2. Cache Strategically, Not Everything

Our multi-tier caching reduced database load by 70%, but we only cached frequently accessed data to avoid memory bloat.

3. Design for Your Data Distribution

Understanding that 99% of merchant-pincode combinations would be empty guided our entire architecture.

4. Optimize for Bulk Operations

Real users don't make single requests - they upload thousands of records at once. Design for this reality.

5. Monitor What Matters

We tracked P95 response times, not just averages. That 95th percentile tells you about real user experience.

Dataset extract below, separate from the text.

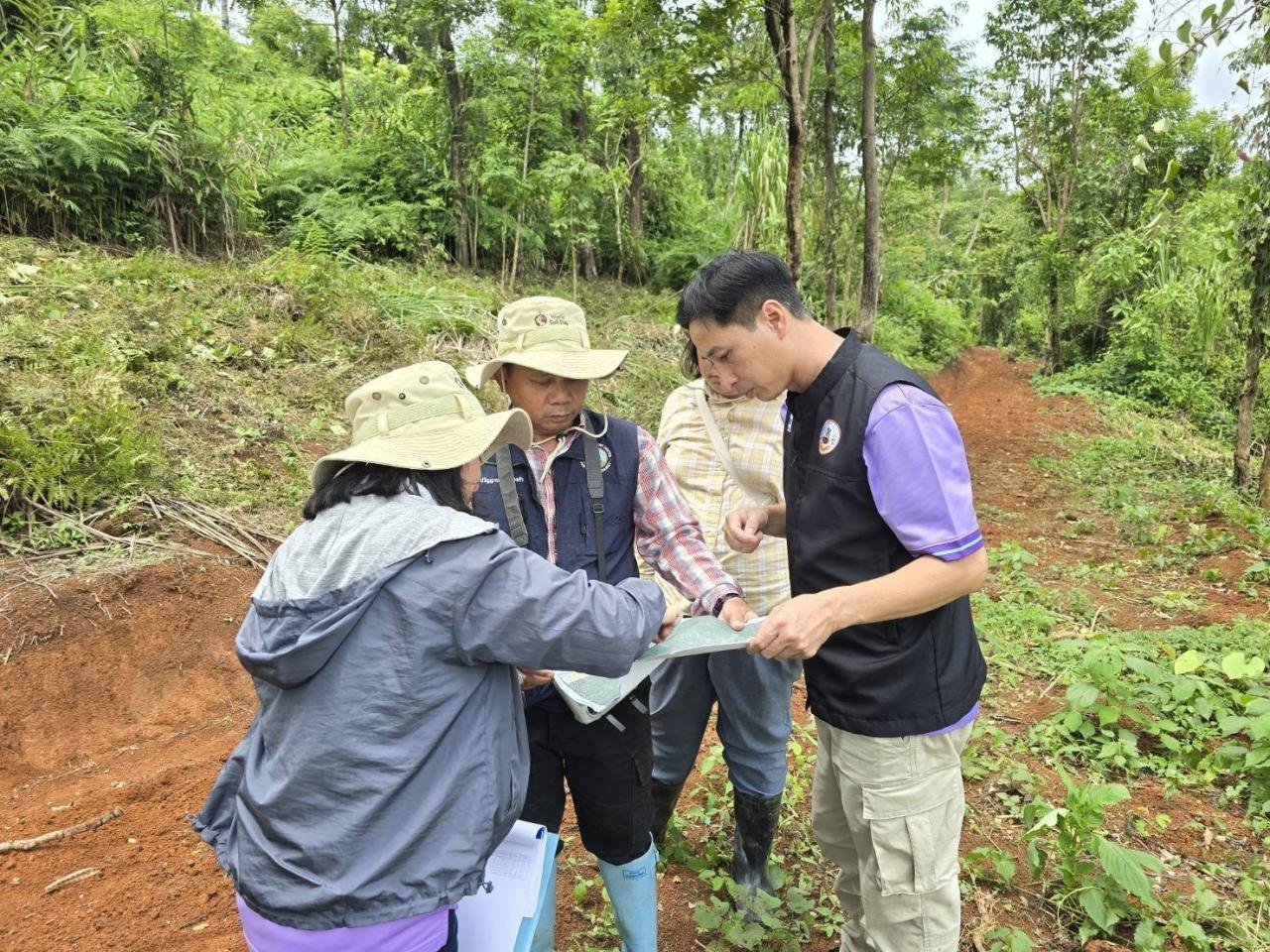 ภาพประกอบที่ 0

Beyond the Hackathon: Production Considerations

While our hackathon solution proved the concept, production deployment would need:

• Data partitioning across geographic regions
• Disaster recovery with cross-region replication
• Rate limiting to prevent abuse
• Monitoring and alerting for system health
• A/B testing framework for optimizations

The Impact

This project demonstrated that with the right architecture, you can build systems that handle massive scale while maintaining blazing-fast performance. The ONDC network can now efficiently verify serviceability for millions of merchants across thousands of pincodes in real-time.